* _Scraped caption text data_:
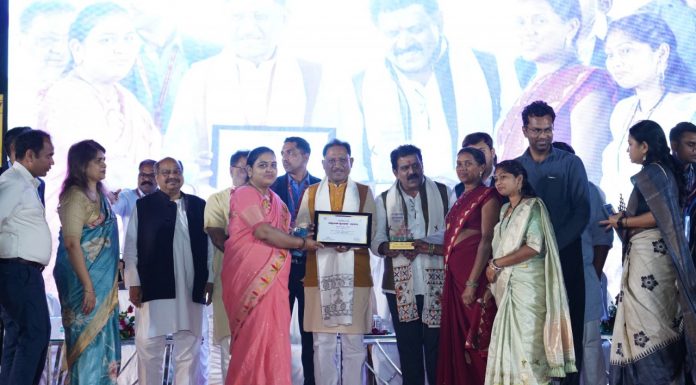 मुख्यमंत्री ने बिहान कैडर्स को उत्कृष्ट कार्य के लिए किया सम्मानित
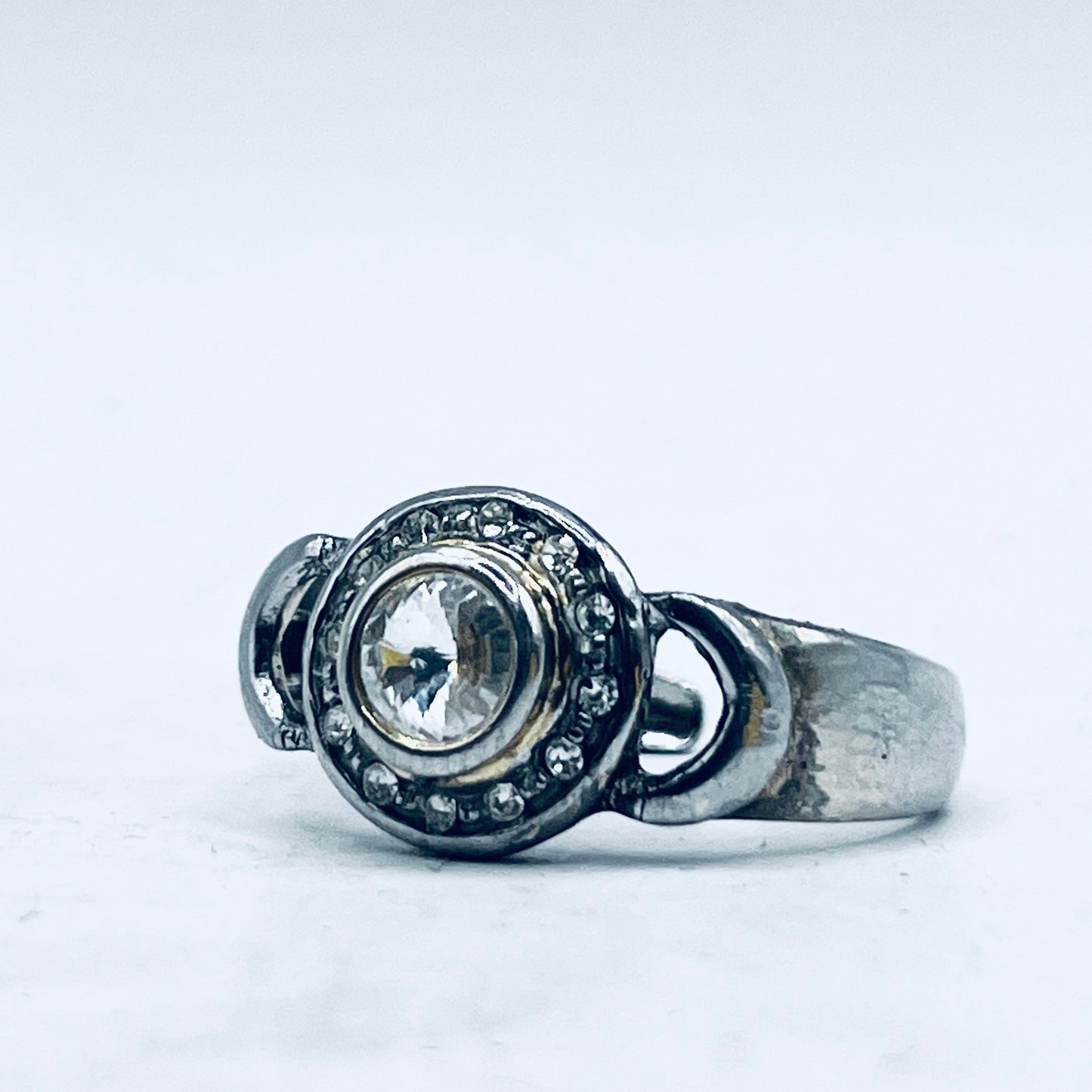 Anello Artigianale SPILLA ZIRCONI Mod. SPILLA Realizzato con Antica spilla in Argento (Prima Metà del ’900)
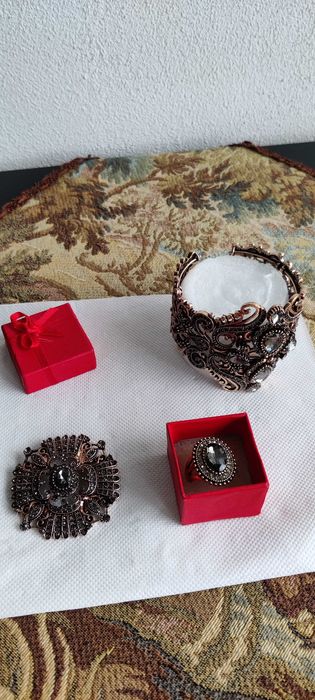 BROSA + INEL + BRATARA noi, deosebite, pentru o doamna eleganta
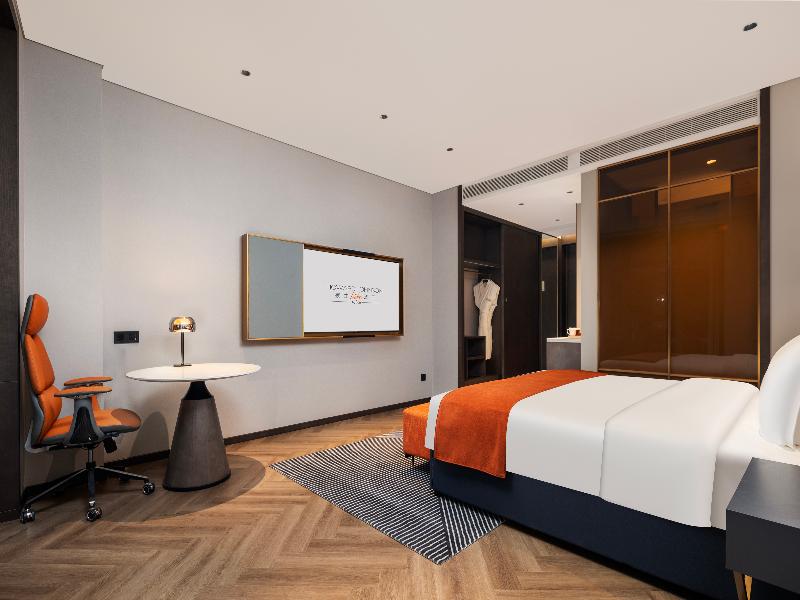 1 King Bed, Senior Room, Smoking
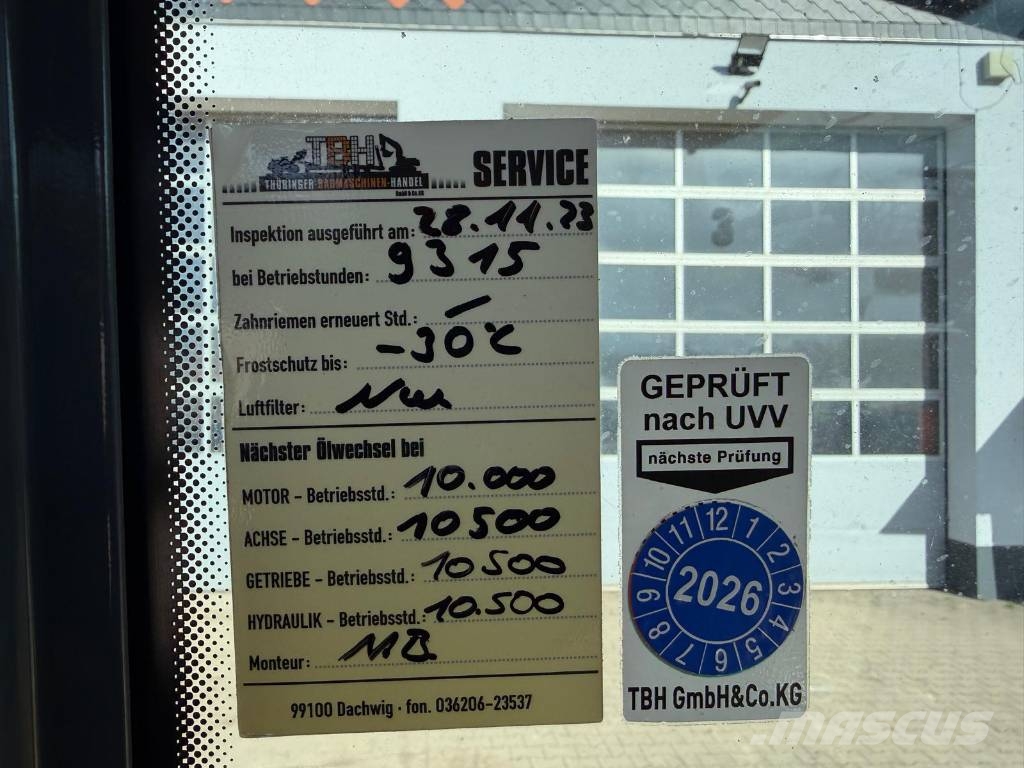 Komatsu WA 75-3 Фронтальные погрузчики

* _THE TASK_: The answer is the complete set of records, copied exactly, with pictures omitted.

* _EXERCISE OUTPUT_:
 मुख्यमंत्री ने बिहान कैडर्स को उत्कृष्ट कार्य के लिए किया सम्मानित
 Anello Artigianale SPILLA ZIRCONI Mod. SPILLA Realizzato con Antica spilla in Argento (Prima Metà del ’900)
 BROSA + INEL + BRATARA noi, deosebite, pentru o doamna eleganta
 1 King Bed, Senior Room, Smoking
 Komatsu WA 75-3 Фронтальные погрузчики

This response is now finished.